US20100094831A1

US20100094831A1 - Named entity resolution using multiple text sources

Info

Publication number: US20100094831A1
Application number: US12/251,452
Authority: US
Inventors: Matthew F. Hurst
Original assignee: Microsoft Corp
Current assignee: Microsoft Technology Licensing LLC
Priority date: 2008-10-14
Filing date: 2008-10-14
Publication date: 2010-04-15

Abstract

An arrangement for resolving ambiguity among named entities in web based text documents is provided in which multiple documents are utilized that are of different genres and will thus typically use different degrees of precision when referring to named entities. When an ambiguous named entity is located in a document, any links contained in that document are followed to other documents. If a linked document includes a named entity that is fully specified (i.e., includes both a first and last name), then this information can be used to resolve the ambiguity of the named entity in the original document.

Description

BACKGROUND

Named entities in passages of text are proper nouns such as persons, locations, and organizations. Named entity recognition has been established as an important task in several areas, including for example, topic detection and tracking, machine translation, and information retrieval. A typical goal is the identification of mentions of named entities in text published on the Internet, and their labeling with one of several entity types.
Named entities that are found in text can often be ambiguous. For example, with regard to public figures, the text “Clinton” is ambiguous as to whether it refers, for example, to Hillary Clinton, a current United States Senator representing the State of New York, or Bill Clinton, the former President of the United States. Resolution of such ambiguity is often a key first step that needs to occur before any other inferences about the named entity may be made.
This Background is provided to introduce a brief context for the Summary and Detailed Description that follow. This Background is not intended to be an aid in determining the scope of the claimed subject matter nor be viewed as limiting the claimed subject matter to implementations that solve any or all of the disadvantages or problems presented above.

SUMMARY

An arrangement for resolving ambiguity among named entities in text in documents from websites utilizes multiple documents that are of different genres and will thus typically use different degrees of precision when referring to named entities. When an ambiguous named entity is located in a document, any links contained in that document are followed to other documents. If a linked document includes a named entity that is fully specified (i.e., includes both a first and last name), then this information can be used to resolve the ambiguity of the named entity in the original document. So, for example, a weblog post (which is an example of a more informal genre) may ambiguously refer to “Clinton” while including a link to a news article. As the news article is an example of a more formal genre, it can often be expected to use a fully specified named entity, such as “Senator Hillary Clinton,” on its initial reference. The fully specified named entity from the linked news article enables “Clinton” in the weblog to be resolved to the more specific “Hillary Clinton.”
This Summary is provided to introduce a selection of concepts in a simplified form that are further described below in the Detailed Description. This Summary is not intended to identify key features or essential features of the claimed subject matter, nor is it intended to be used as an aid in determining the scope of the claimed subject matter.

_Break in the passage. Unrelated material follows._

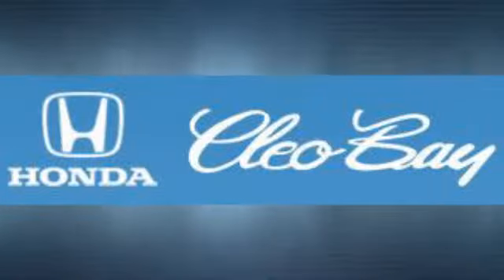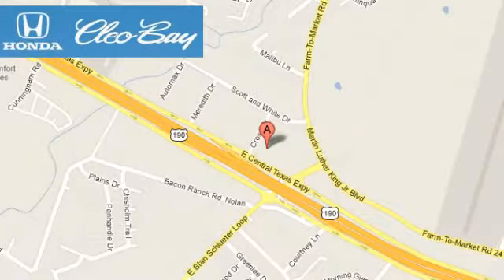Clio Bay Honda is one of the premier Honda dealers. We're conveniently located at 3907 East Centex Expressway in Killeen, Texas.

DESCRIPTION OF THE DRAWINGS

FIG. 1 shows an illustrative computing environment in which the present named entity resolution arrangement may be implemented;

FIG. 2 shows an illustrative set of documents that are collected from various web sites by a named entity resolution service;

FIG. 3 shows a generalized directed graph in which a node is linked to another node by a directed edge;

FIG. 4 shows an illustrative blog (weblog) posting that contains a link to a news article;

FIG. 5 shows an illustrative set of modules that are used to implement the named entity resolution service;

FIG. 6 shows illustrative operative details of the named entity recognition module;

FIG. 7 shows illustrative operative details of the link identification module;

FIG. 8 shows illustrative operative details of the formality ordering module; and

FIG. 9 shows a flowchart of an illustrative algorithm by which multiple documents of different genres may be utilized to resolve named entity ambiguities.

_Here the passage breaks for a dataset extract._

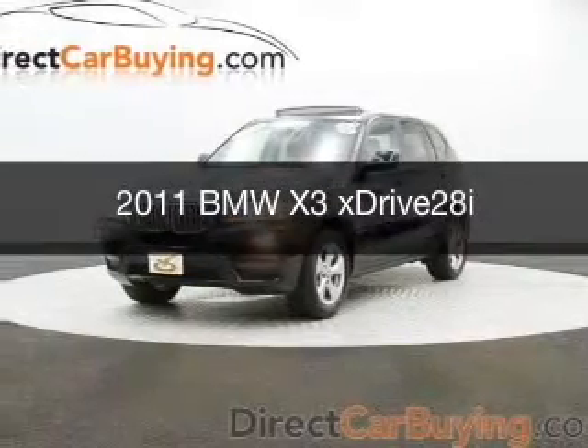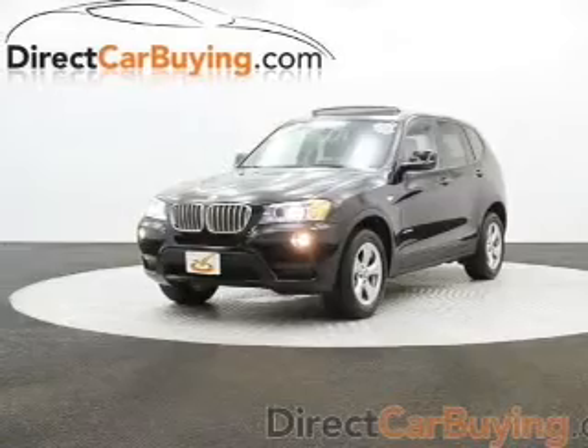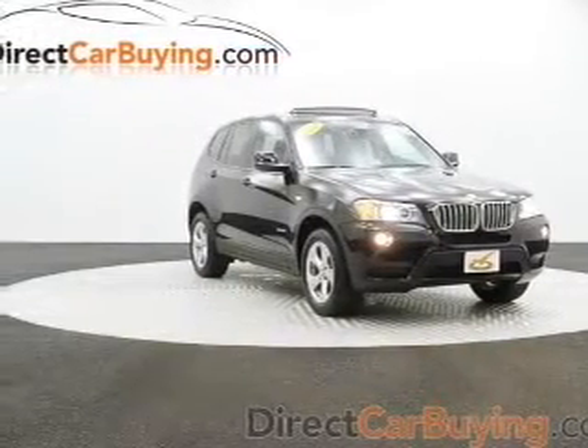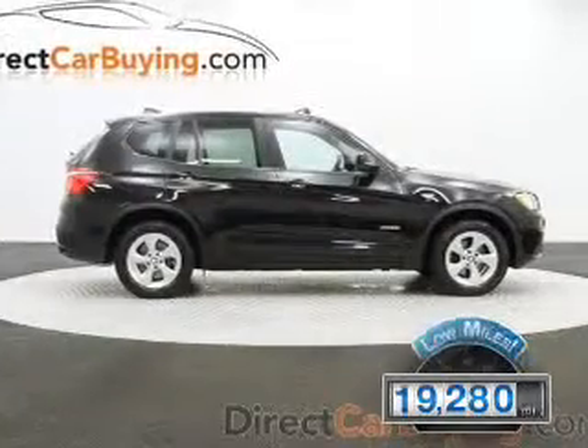This is a used 2011 BMW X3, the ultimate driving machine, powered by all-wheel drive, a 3-liter, 6-cylinder engine, and an automatic transmission. With fewer than 20,000 miles, this vehicle has a long road ahead.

Like reference numerals indicate like elements in the drawings.

DETAILED DESCRIPTION

FIG. 1 shows an illustrative computing environment 100 in which the present named entity resolution arrangement may be implemented. A number of websites 106 _{1, 2 . . . N}are configured to serve web pages to users 112 _{1 . . . N}at PCs (personal computers) 115 _{1 . . . N}over a public network such as the Internet 121. The websites 106 can vary in terms of the type of content and the presentation genre that is utilized. For example, some of the websites 106 may host web pages that include documents such as blogs (i.e., weblogs) while other websites could be operated by news organizations and include news articles.
A named entity resolution service 125 is also configured with Internet access. As shown in FIG. 2, the named entity resolution service 125 will collect and process various documents 205 from the different websites 106 in order to resolve ambiguities among named entities in some of the documents (as indicated by reference numeral 212). The named entity resolution service 125 may use the results of the resolution of ambiguities among one or more named entities in a document in a variety of different ways. For example the service 125 may pass the results to a website 106 or other service that needs to accurately identify named entities in documents. Such a website could support a search service where the accuracy of the search results would be improved, or more relevant search results would be returned to a user, when named entity ambiguity is reduced. Other websites may support services which recommend web pages, or provide rankings or other types of webpage filtering. However, it is emphasized that the aforementioned applications are intended to be illustrative and that the named entity resolution service 125 may be configured to meet the needs of various usage scenarios as required.
The present arrangement makes use of the observation that the different types of presentation genres are more or less precise in how they refer to named entities. For example, a news article is more likely, on its initial reference, to use a fully specified version of a name. By contrast, a less formal genre such as a post on a weblog might use a less specific and thus more ambiguous version of that name. In this example, a named entity will be considered fully specified if it includes a first and last name, and underspecified if it does not contain the first and last name.
News articles typically utilize a more formal presentation genre because journalism standards commonly require complete and accurate reporting of identifying information for named entities. This is generally true even when the named entities are well known public figures. In addition, readers of news articles expect a formal presentation genre be utilized along with the accompanying precision in the identification of named entities.
On the other hand, other types of documents may use less formal presentation genres because the readers can receive context from sources other than the document itself In addition, the readers may come to expect a less formal presentation and less precise identification of named entities in some types of documents. For example, with a posting to a weblog about a public figure, the subject matter of the weblog will typically provide some context that the reader can use to identify the named entities in the posting. In addition, postings to weblogs are often written in a casual and informal style and many weblog readers have come to embrace such writing style and will typically accept any limitations that come with it.
Another observation that is utilized is that it is common for documents to include links (i.e., a hyperlink using hypertext) to other documents. This observation may be represented using an illustrative graph 300, as shown in FIG. 3, in which a node 305 (representing a blog, B1) is connected via an edge 311 (representing a link) to node 316 (representing a news article, N1). The edge 311 is considered a directed edge in this example because B1 refers to N1, but not the other way around. It is also noted that graph 300 is a simple example that shows a single link between the two nodes 305 and 316. In practice, a given node may have links to multiple other nodes, and a node that is linked to may include one or more links to other nodes.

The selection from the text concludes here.